J Clin Oncol. 2013 Jan 20;31(3):380-6. doi: 10.1200/JCO.2012.43.9570. Epub 2012 Dec 10.
Randomized controlled trial of a video decision support tool for cardiopulmonary resuscitation decision making in advanced cancer.
Volandes AE, Paasche-Orlow MK, Mitchell SL, El-Jawahri A, Davis AD, Barry MJ, Hartshorn KL, Jackson VA, Gillick MR, Walker-Corkery ES, Chang Y, López L, Kemeny M, Bulone L, Mann E, Misra S, Peachey M, Abbo ED, Eichler AF, Epstein AS, Noy A, Levin TT, Temel JS.

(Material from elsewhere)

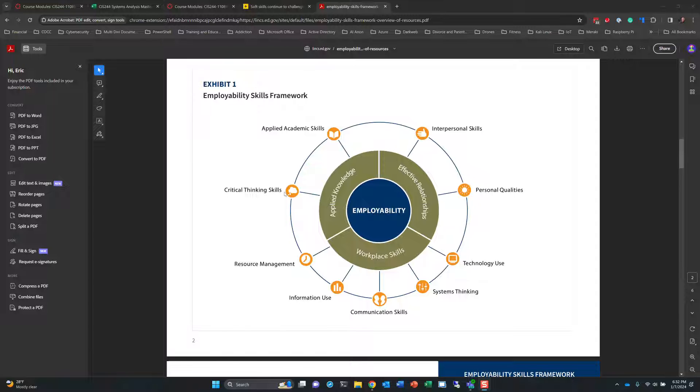Skills like critical thinking, resource management, time management. So as we talk about time management, you get to practice that here by meeting due dates and making sure you're not procrastinating.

SourceMassachusetts General Hospital, General Medicine Unit, 50 Staniford St, 9th Floor, Boston, MA 02114, USA. email@example.com
PURPOSE:Decision making regarding cardiopulmonary resuscitation (CPR) is challenging. This study examined the effect of a video decision support tool on CPR preferences among patients with advanced cancer.
PATIENTS AND METHODS:We performed a randomized controlled trial of 150 patients with advanced cancer from four oncology centers. Participants in the control arm (n = 80) listened to a verbal narrative describing CPR and the likelihood of successful resuscitation. Participants in the intervention arm (n = 70) listened to the identical narrative and viewed a 3-minute video depicting a patient on a ventilator and CPR being performed on a simulated patient. The primary outcome was participants' preference for or against CPR measured immediately after exposure to either modality. Secondary outcomes were participants' knowledge of CPR (score range of 0 to 4, with higher score indicating more knowledge) and comfort with video.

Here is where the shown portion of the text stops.